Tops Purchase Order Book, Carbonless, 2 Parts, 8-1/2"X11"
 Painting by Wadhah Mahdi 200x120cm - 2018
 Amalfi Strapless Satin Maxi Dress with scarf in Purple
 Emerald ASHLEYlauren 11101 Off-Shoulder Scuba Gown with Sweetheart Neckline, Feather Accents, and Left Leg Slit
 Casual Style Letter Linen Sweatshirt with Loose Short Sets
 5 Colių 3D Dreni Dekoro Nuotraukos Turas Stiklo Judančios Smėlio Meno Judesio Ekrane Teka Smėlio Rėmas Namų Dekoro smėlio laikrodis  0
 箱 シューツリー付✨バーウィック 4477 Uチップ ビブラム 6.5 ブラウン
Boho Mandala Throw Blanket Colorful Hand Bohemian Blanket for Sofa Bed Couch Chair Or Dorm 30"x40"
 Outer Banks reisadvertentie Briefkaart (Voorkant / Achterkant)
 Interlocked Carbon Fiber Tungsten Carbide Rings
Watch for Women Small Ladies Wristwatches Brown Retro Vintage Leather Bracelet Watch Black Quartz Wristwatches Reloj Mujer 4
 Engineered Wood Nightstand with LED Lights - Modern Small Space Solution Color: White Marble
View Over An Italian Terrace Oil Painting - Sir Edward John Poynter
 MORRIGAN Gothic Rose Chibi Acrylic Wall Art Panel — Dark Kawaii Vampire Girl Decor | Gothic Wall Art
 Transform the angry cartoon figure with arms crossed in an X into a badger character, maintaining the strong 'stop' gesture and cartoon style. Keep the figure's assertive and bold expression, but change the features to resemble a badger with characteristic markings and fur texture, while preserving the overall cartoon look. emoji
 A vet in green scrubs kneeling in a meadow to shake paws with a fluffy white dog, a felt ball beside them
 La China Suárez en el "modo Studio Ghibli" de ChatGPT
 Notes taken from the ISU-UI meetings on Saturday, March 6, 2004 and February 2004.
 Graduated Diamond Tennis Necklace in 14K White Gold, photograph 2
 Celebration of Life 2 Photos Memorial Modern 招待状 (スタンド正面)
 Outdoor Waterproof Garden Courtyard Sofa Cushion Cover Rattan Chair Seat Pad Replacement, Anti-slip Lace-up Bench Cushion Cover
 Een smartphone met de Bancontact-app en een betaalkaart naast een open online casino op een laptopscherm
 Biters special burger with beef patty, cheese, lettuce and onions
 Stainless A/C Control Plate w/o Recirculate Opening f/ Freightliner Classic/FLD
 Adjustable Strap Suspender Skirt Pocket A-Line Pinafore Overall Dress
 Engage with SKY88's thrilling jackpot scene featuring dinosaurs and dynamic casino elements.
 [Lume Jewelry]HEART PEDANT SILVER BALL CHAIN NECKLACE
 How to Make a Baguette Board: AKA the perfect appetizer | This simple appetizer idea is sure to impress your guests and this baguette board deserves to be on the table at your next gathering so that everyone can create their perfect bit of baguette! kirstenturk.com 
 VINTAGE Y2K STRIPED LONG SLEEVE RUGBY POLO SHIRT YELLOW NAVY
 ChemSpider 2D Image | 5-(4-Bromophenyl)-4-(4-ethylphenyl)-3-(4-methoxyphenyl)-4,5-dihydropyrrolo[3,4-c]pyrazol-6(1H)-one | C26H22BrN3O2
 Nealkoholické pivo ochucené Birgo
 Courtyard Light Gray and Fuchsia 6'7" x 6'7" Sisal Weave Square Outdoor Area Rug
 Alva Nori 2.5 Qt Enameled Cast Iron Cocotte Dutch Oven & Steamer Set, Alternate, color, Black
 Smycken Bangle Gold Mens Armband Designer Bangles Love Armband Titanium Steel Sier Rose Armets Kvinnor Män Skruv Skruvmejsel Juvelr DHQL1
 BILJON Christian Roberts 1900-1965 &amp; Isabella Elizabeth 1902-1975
____________
**WORK REQUIRED:** Output the line that contains "VINTAGE Y2K STRIPED", followed by every later line in the listing, with no line omitted and none added.

**SOLUTION TO THIS PROBLEM:**
 VINTAGE Y2K STRIPED LONG SLEEVE RUGBY POLO SHIRT YELLOW NAVY
 ChemSpider 2D Image | 5-(4-Bromophenyl)-4-(4-ethylphenyl)-3-(4-methoxyphenyl)-4,5-dihydropyrrolo[3,4-c]pyrazol-6(1H)-one | C26H22BrN3O2
 Nealkoholické pivo ochucené Birgo
 Courtyard Light Gray and Fuchsia 6'7" x 6'7" Sisal Weave Square Outdoor Area Rug
 Alva Nori 2.5 Qt Enameled Cast Iron Cocotte Dutch Oven & Steamer Set, Alternate, color, Black
 Smycken Bangle Gold Mens Armband Designer Bangles Love Armband Titanium Steel Sier Rose Armets Kvinnor Män Skruv Skruvmejsel Juvelr DHQL1
 BILJON Christian Roberts 1900-1965 &amp; Isabella Elizabeth 1902-1975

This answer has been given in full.